Securities registered pursuant to Section 12(b) of the Act:

Title of each class

Trading Symbol(s)

Name of each exchange on which registered

Ordinary Shares, par value $0.0001

ICHR

The NASDAQ Stock Market LLC

Indicate by check mark whether the registrant is an emerging growth company as defined in Rule 405 of the Securities Act of 1933 (§ 230.405 of this chapter) or Rule 12b‑2 of the Securities Exchange Act of 1934 (§ 240.12b‑2 of this chapter).

Emerging Growth Company   

If an emerging growth company, indicate by check mark if the registrant has elected not to use the extended transition period for complying with any new or revised financial accounting standards provided pursuant to Section 13(a) of the Exchange Act.   

 


Item 5.02  Departure of Directors or Certain Officers; Election of Directors; Appointment of Certain Officers; Compensatory Arrangements of Certain Officers

Appointment of Sarah O’Dowd to the Board of Directors

Effective May 12, 2020, Sarah O’Dowd was appointed to the board of directors (the “Board”) of Ichor Holdings, Ltd. (the “Company”).

Ms. O’Dowd, 70, is a director of the Independent Institute, a non-profit, non-partisan, public-policy research and communications organization. From 2008 up until her retirement in March 2020, Ms. O’Dowd was senior vice president, chief legal officer, and secretary of Lam Research Corporation, and from 2009 to 2012, she also served as Lam’s vice president of human resources.
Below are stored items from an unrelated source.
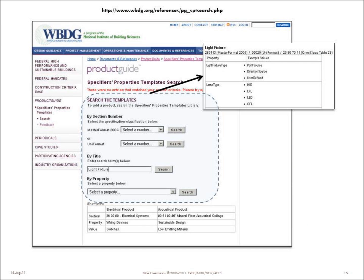Here's an example from the product guide — you can see the URL for the product guide. This is the original version; if you're coming to this after August 2011, you'll see a slightly different version, but the idea is basically the same. You identify a specification section format or provide a keyword, and the template for that particular type or types of products will show up, and you can take a look at what the minimum specification is.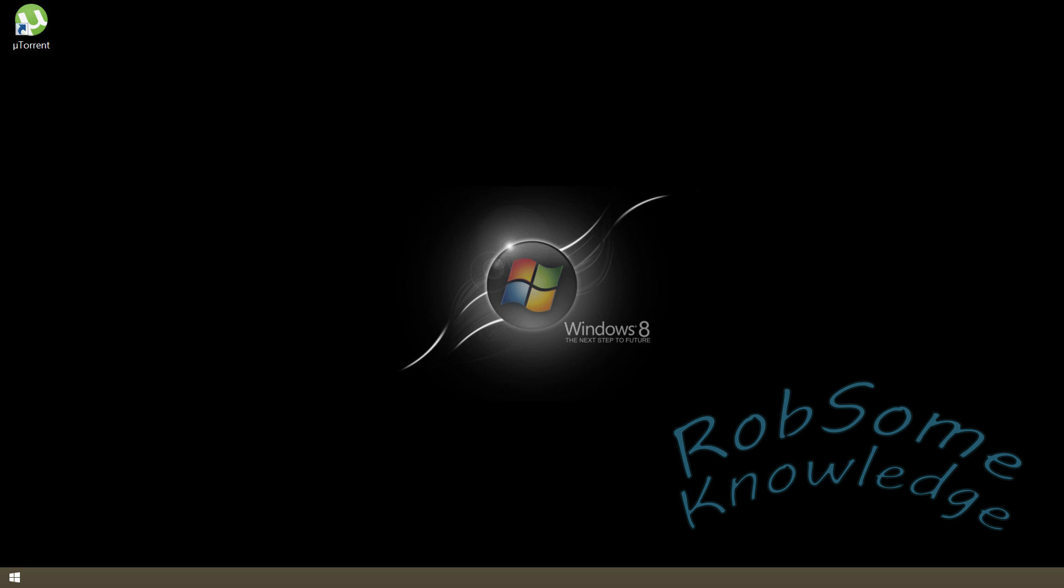Hey there guys and gals, this is Rob Some Knowledge here bringing you a brand new video. Today we're going to do a quick tutorial on uTorrent and I'm going to be showing you how to restore uTorrent to the default settings.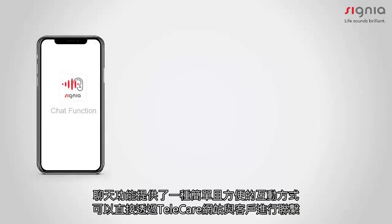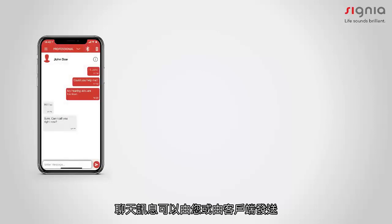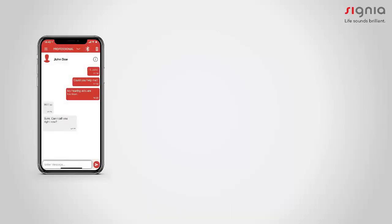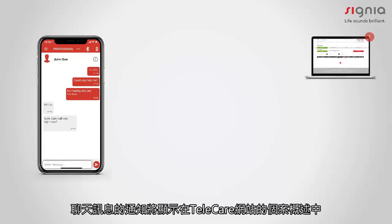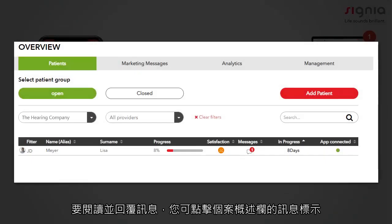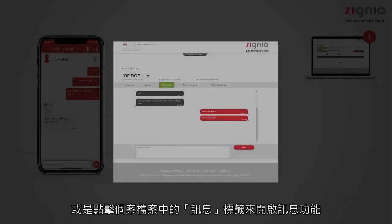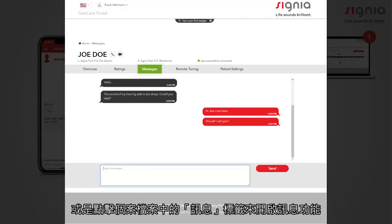The chat function offers an easy and flexible way of communicating with your clients directly via the Telecare portal. Chat messages can be sent by you as well as by your client. Notifications on new chat messages will be shown in the patient overview in the Telecare portal. To read chat messages and reply to them, you can click the chat icon in the patient overview. You can also access the chat function by clicking on Messages in the patient profile.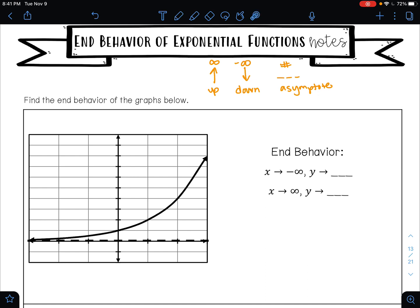As X approaches negative infinity, this is always telling you to look at the left side of your graph — because on the left side, your X values are negative. The left side of my curve: is it pointing up, down, or is it on my asymptote? The left side is on my asymptote. Here my asymptote is where Y equals zero.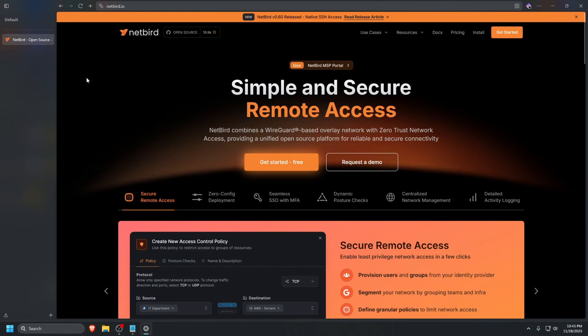When major infrastructure like Cloudflare goes down, so do many third-party services relying on Cloudflare, including Netbird's own hosted solution. Anyone self-hosting Netbird saw no impact on their ability to connect to their devices. That's why today we're showing you how to self-host Netbird.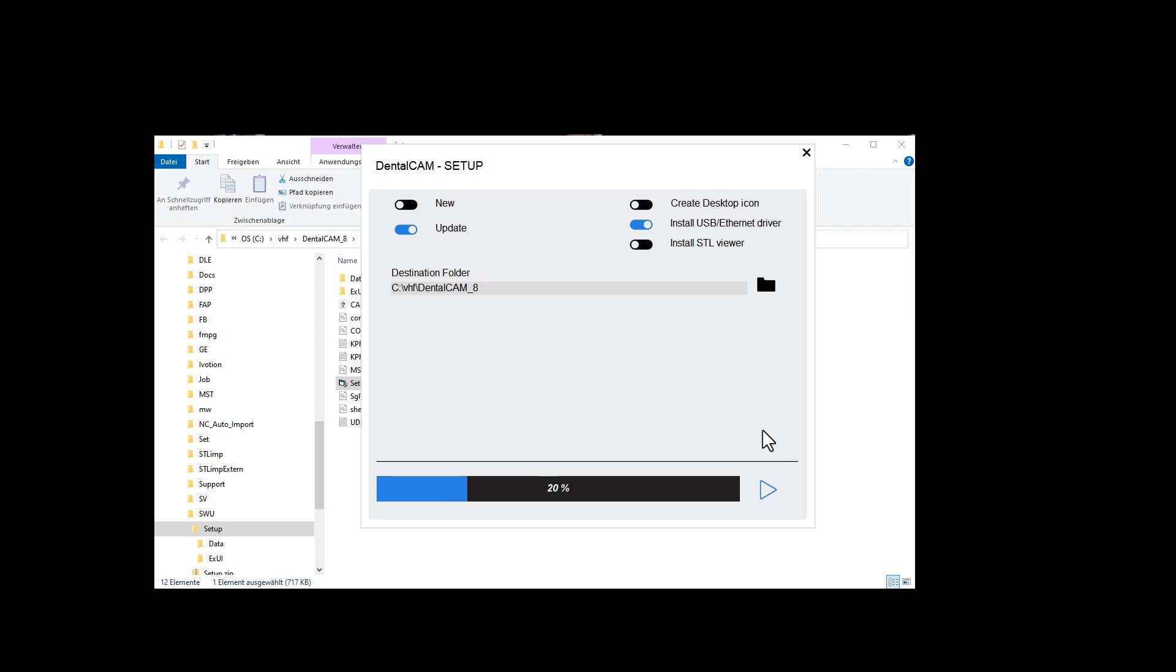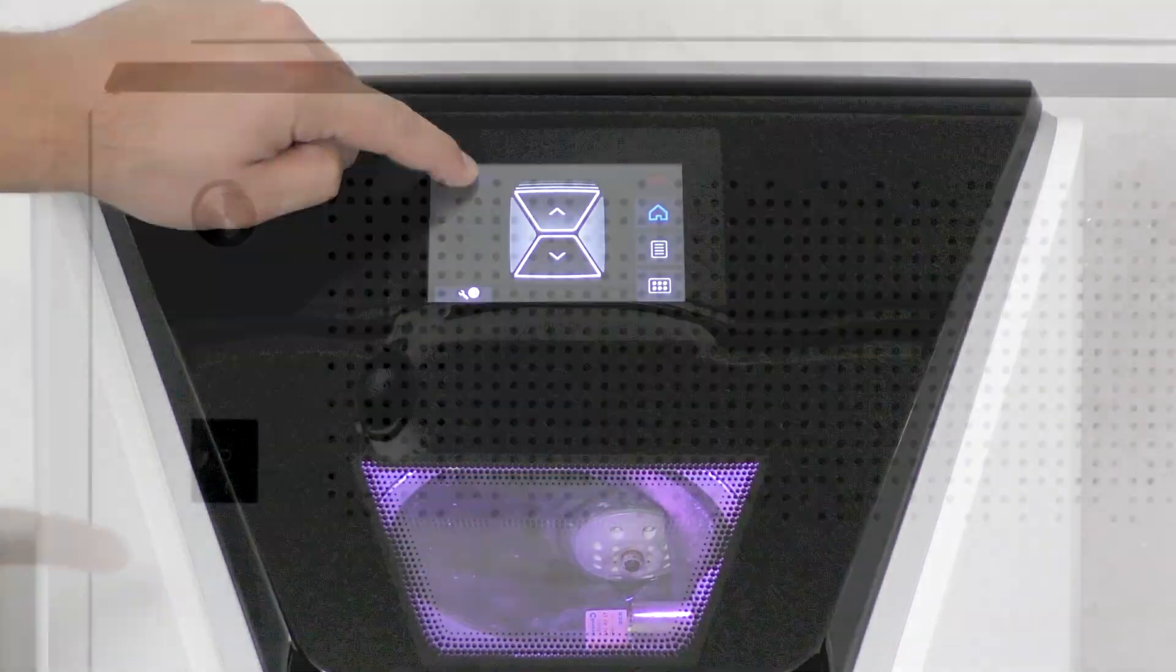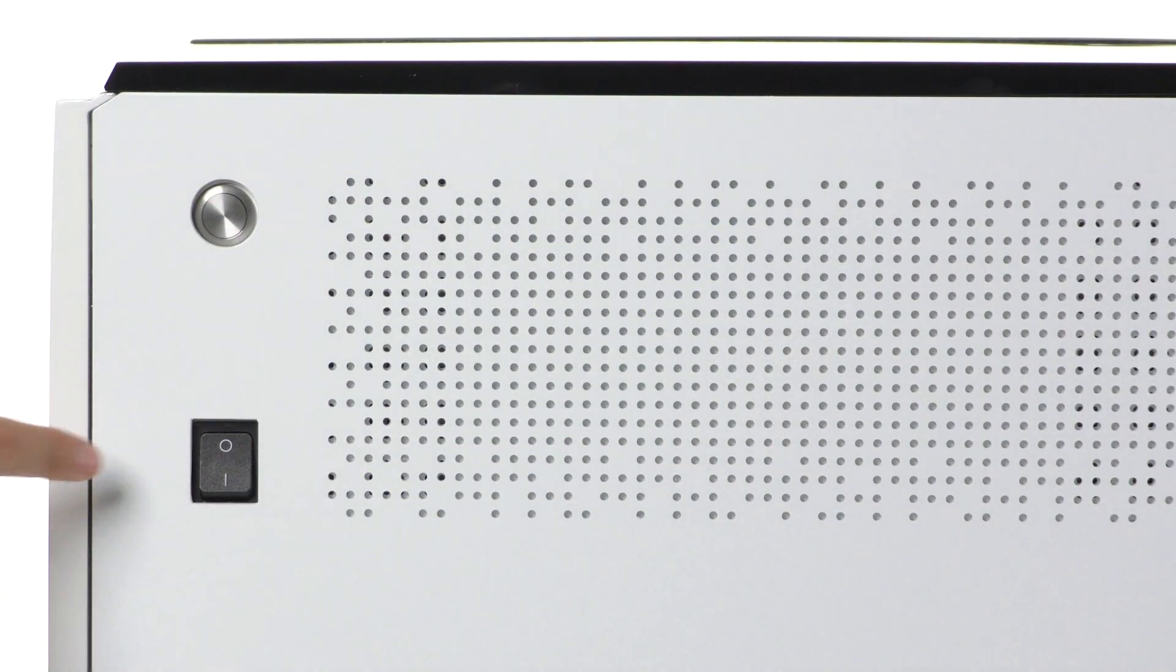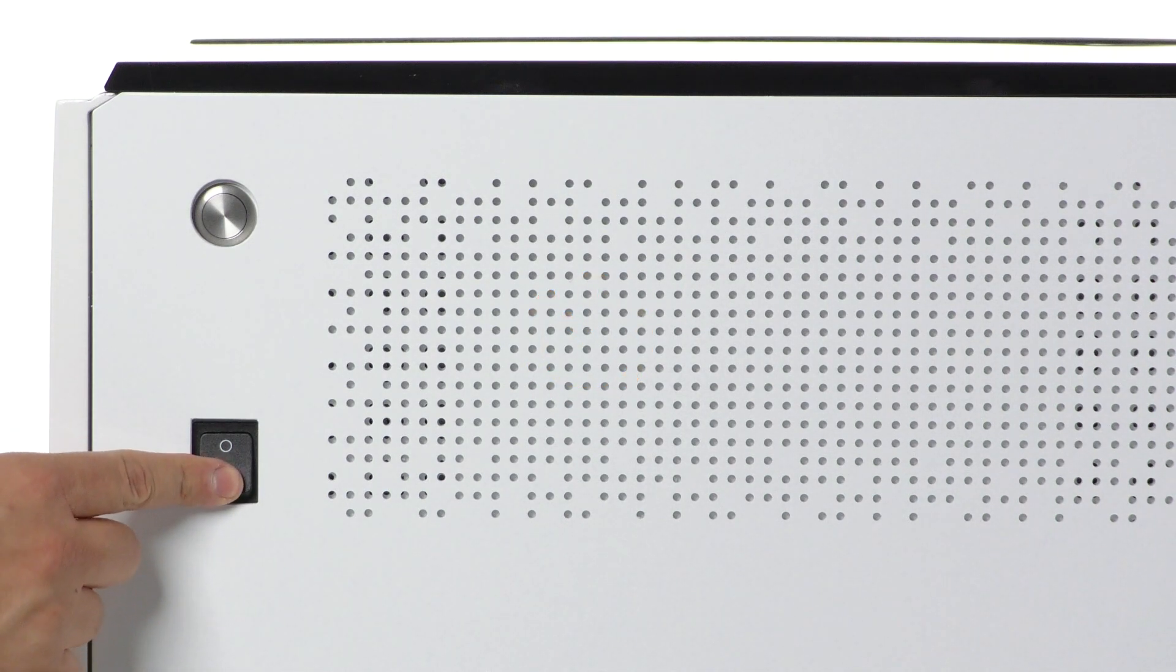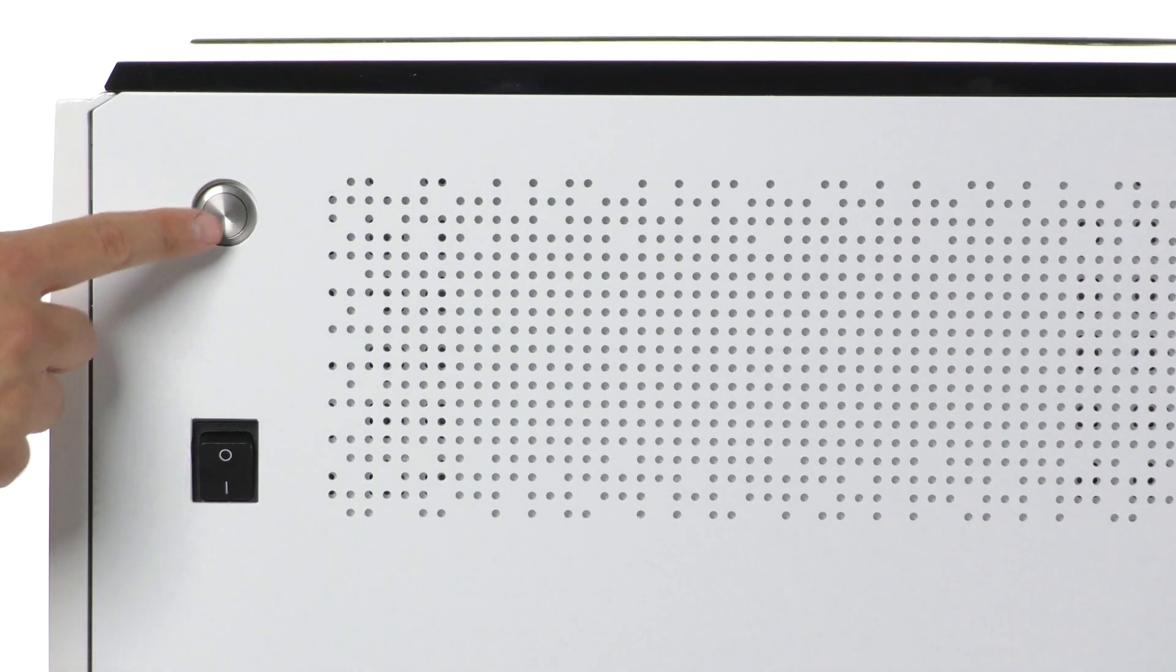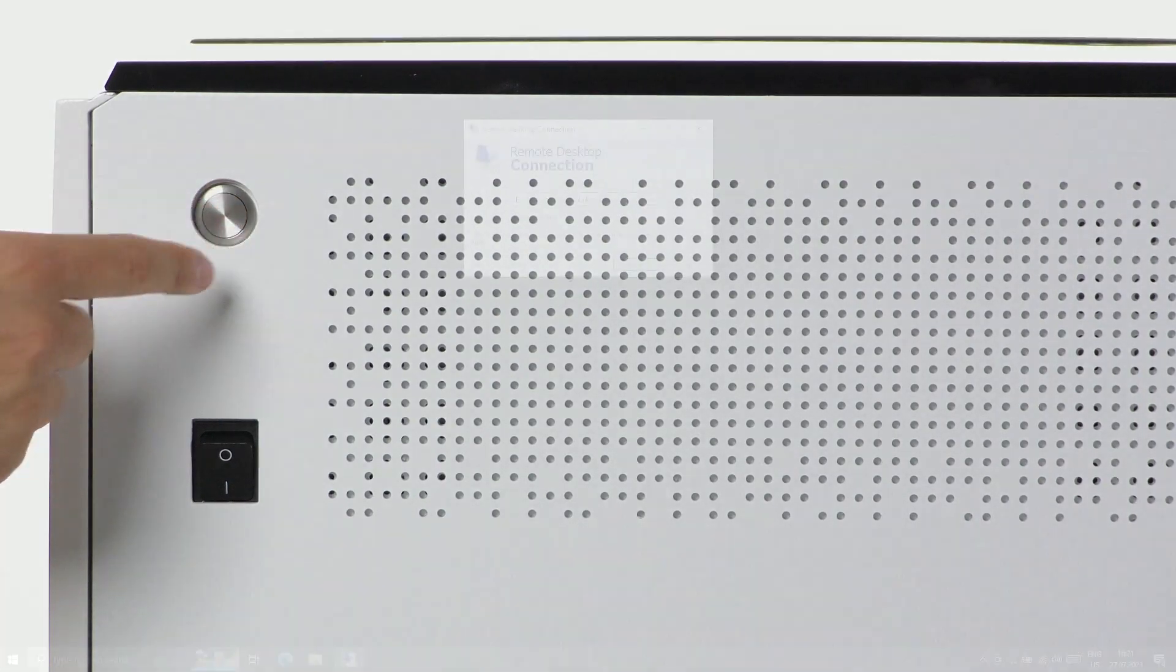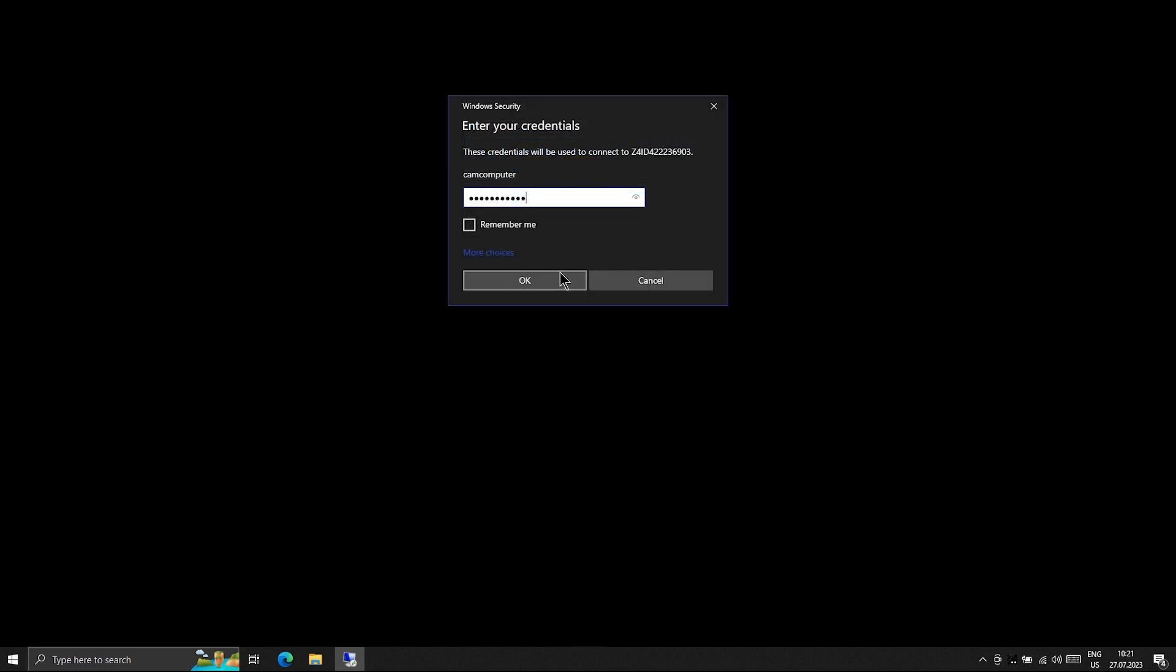After the update is installed, shut down the CAM computer and switch off your Z4 at the main power switch. Wait for 10 seconds. Start the machine including the CAM computer as you usually do. Access the CAM computer via the CAD computer, as already shown.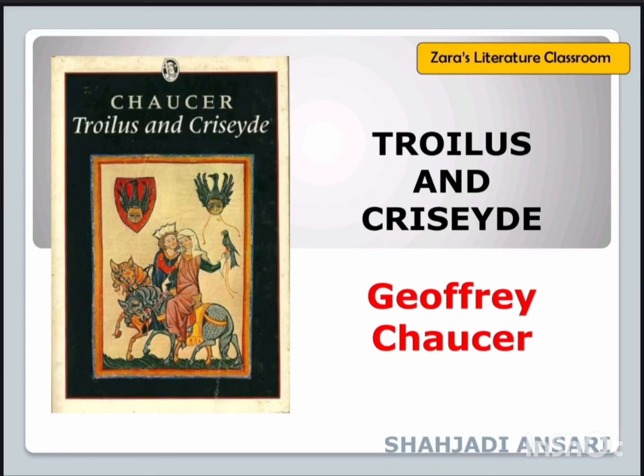Hello everyone, I am Shahzadi Ansari. Welcome to Jara's Literature Classroom. In today's video, I will be discussing Geoffrey Chaucer's very famous poem, that is Troilus and Criseyde. So let's start.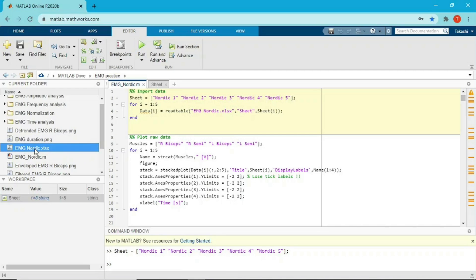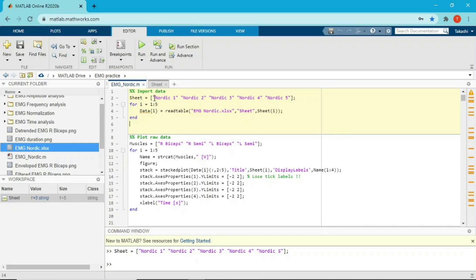The first input argument — whenever I say input argument, it's something inside the brackets after the function, separated by commas. The first input argument is the name of the Excel file: 'EMG_Nordic.xlsx', the same name as it appears. You have to put double quotation marks — it could be single quotation marks, but you need them so MATLAB recognizes it as a name. If you remove the quotation marks, MATLAB might think it's a function or a variable you created.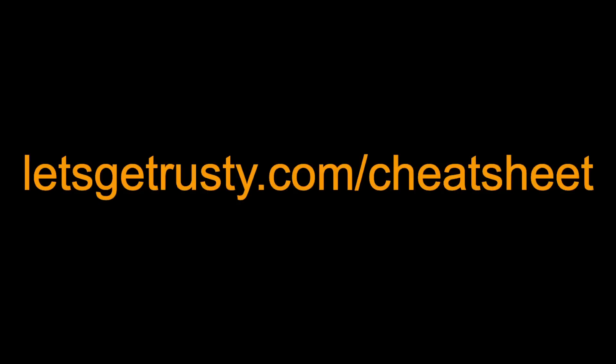That's it for this video, but before you go, make sure to get your free Rust cheat sheet by heading over to letsgetrusty.com/cheatsheet. With that said, I'll see you in the next one.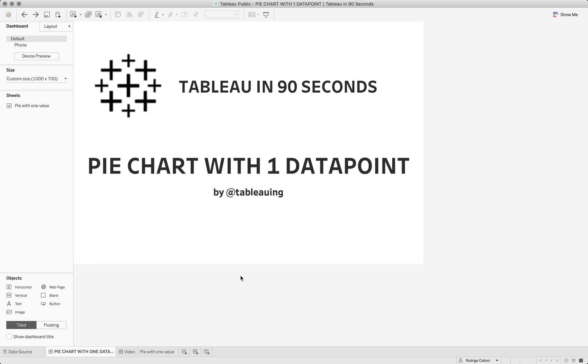Hello, this is Rodrigo and this is Tableau in 90 seconds. Today I'm going to do a very quick example on how to build a pie chart with only one data point in your data set.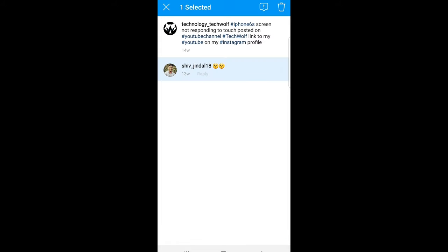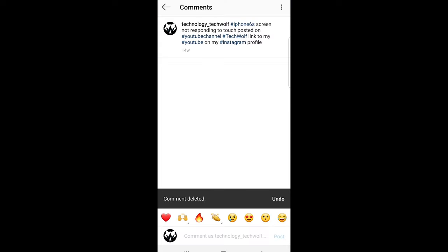And when I do this you see on the right top corner there's a bin icon that appears. If I click that bin icon it will delete these comments.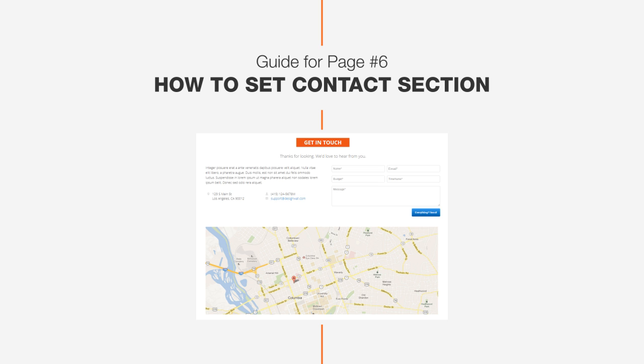Hi guys, this is John from DesignWall, and today we're going to talk about how to set up the contact section of the DW Page theme.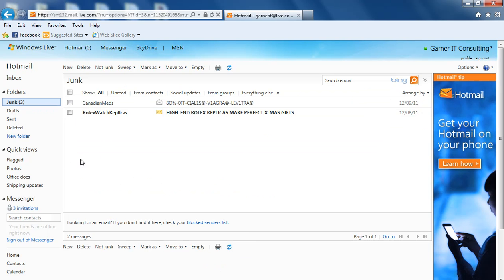Also note, when you're in your junk folder and you're looking for something and you don't see it, it's not in my junk folder, you can always visit the blocked senders list and right down here at the bottom is a prompt to get there.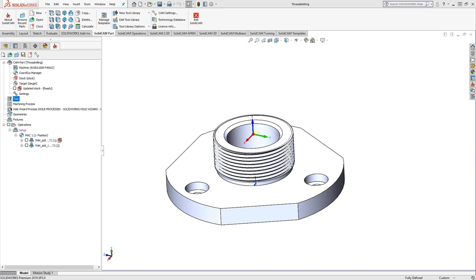Welcome to the SolidCAM University channel. This video's topic is machining cosmetic threads with thread milling.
Prior to joining Lam, from 2007 to 2008, Ms. O’Dowd served as vice president and general counsel of FibroGen, Inc., a publicly-traded biopharmaceutical firm. Prior to FibroGen, Ms. O’Dowd spent 28 years at a major law firm, Heller Ehrman LLP, where she founded both the Silicon Valley and San Diego offices, and ultimately chaired the firm’s global business practice groups, which spanned seven offices and included more than 250 attorneys. She has been a trusted adviser to numerous boards, board committees, and CEOs. In 2019, Directors Roundtable presented Ms. O’Dowd and her legal team with its Global Honor Award, given to general counsels and their law departments. She holds a J.D. from Stanford Law School, an M.A. in communications from Stanford University, and an A.B. in mathematics from Immaculata College.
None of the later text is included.